Scale-to-Zero
Lambda-based auto-scaler that scales Tendril ECS services to zero when idle.
Scale-to-Zero
Cloud-hosted Tendrils support automatic scale-to-zero. When no jobs are queued, the Lambda scaler scales ECS services down to 0 desired tasks. When a job arrives, it scales back to 1. This eliminates Fargate costs during idle periods.
How It Works
A Lambda function runs on a 1-minute schedule via EventBridge. It checks the Trellis database for queued jobs and adjusts ECS service desired counts accordingly.
Scale-Up Logic
Every 1 minute:
1. Query Supabase: SELECT count(*) FROM provision_jobs WHERE status = 'QUEUED'
2. For each registered Tendril ECS service:
- If queued > 0 AND current desired = 0:
→ Scale UP to 1
→ Reset idle counterScale-Down Logic
3. For each registered Tendril ECS service:
- If queued = 0 AND current desired > 0:
→ Increment idle counter
→ If idle counter >= 5 (5 consecutive checks = 5 minutes):
→ Scale DOWN to 0
- If queued > 0:
→ Reset idle counterThe 5-check threshold (5 minutes) prevents flapping — a brief gap between jobs won't cause a scale-down followed by an immediate scale-up.
Infrastructure
Lambda Function
| Property | Value |
|---|---|
| Runtime | Python 3.12 |
| Architecture | ARM64 |
| Memory | 128 MB |
| Timeout | 30 seconds |
| Trigger | EventBridge rule (every 1 minute) |
IAM Permissions
The Lambda function needs:
ecs:DescribeServices— read current desired countecs:UpdateService— change desired count- Network access to Supabase REST API (for job count query)
Environment Variables
| Variable | Purpose |
|---|---|
SUPABASE_URL | Supabase project URL |
SUPABASE_SERVICE_ROLE_KEY | Service role key for admin API access |
WORKERS | JSON array of ECS service configurations |
Workers Configuration
[
{
"region": "eu-west-1",
"cluster": "trellis-prod-tendril-eu",
"service": "trellis-prod-tendril-eu-service"
},
{
"region": "us-east-1",
"cluster": "trellis-prod-tendril-us",
"service": "trellis-prod-tendril-us-service"
}
]Each entry maps to one ECS service running a Tendril. The scaler handles multiple regions independently.
Job Count Query
The Lambda queries Supabase's REST API:
url = f"{SUPABASE_URL}/rest/v1/provision_jobs?status=eq.QUEUED&select=id"
req = urllib.request.Request(url, headers={
'apikey': SUPABASE_KEY,
'Authorization': f'Bearer {SUPABASE_KEY}',
'Prefer': 'count=exact',
})It uses the content-range header to get the count without fetching all rows.
Cold Start Behavior
When a Tendril is scaled from 0 → 1:
- ECS task launch — ~30 seconds (Fargate cold start, image pull)
- Tendril boot — ~5 seconds (binary startup, API registration)
- First heartbeat — ~5 seconds after boot
- First job claim — next poll cycle (≤ 10 seconds)
Total cold start: ~50 seconds from job queue to job start.
During this time, the job remains in QUEUED status.

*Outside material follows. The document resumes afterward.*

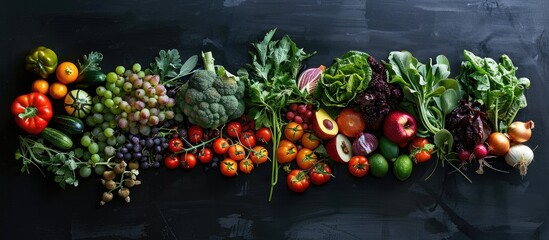 Wall Mural - Fresh produce displayed on a black table from an aerial perspective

The user sees "Waiting for Tendril..." in the UI.
Cost Savings
Without scale-to-zero, a single Tendril running 24/7 on Fargate costs:
- 1 vCPU + 4 GiB memory ≈ $40/month per Tendril
With scale-to-zero, you pay only for:
- Lambda invocations — 43,200/month (1/min) × 128MB × 1s ≈ $0.02/month
- Fargate — only when jobs are running
For workloads with sporadic provisioning (a few deploys per week), this reduces Tendril costs by ~99%.
Terraform Configuration
The scaler is defined in infra/platform/scaler/:
module "scaler" {
source = "./scaler"
name_prefix = local.name_prefix
supabase_url = var.supabase_url
supabase_service_role_key = var.supabase_service_role_key
workers = [
for name, w in module.tendril : {
region = var.tendrils[name].region
cluster = w.cluster_name
service = w.service_name
}
]
}The scaler automatically discovers all Tendril deployments from the module.tendril outputs.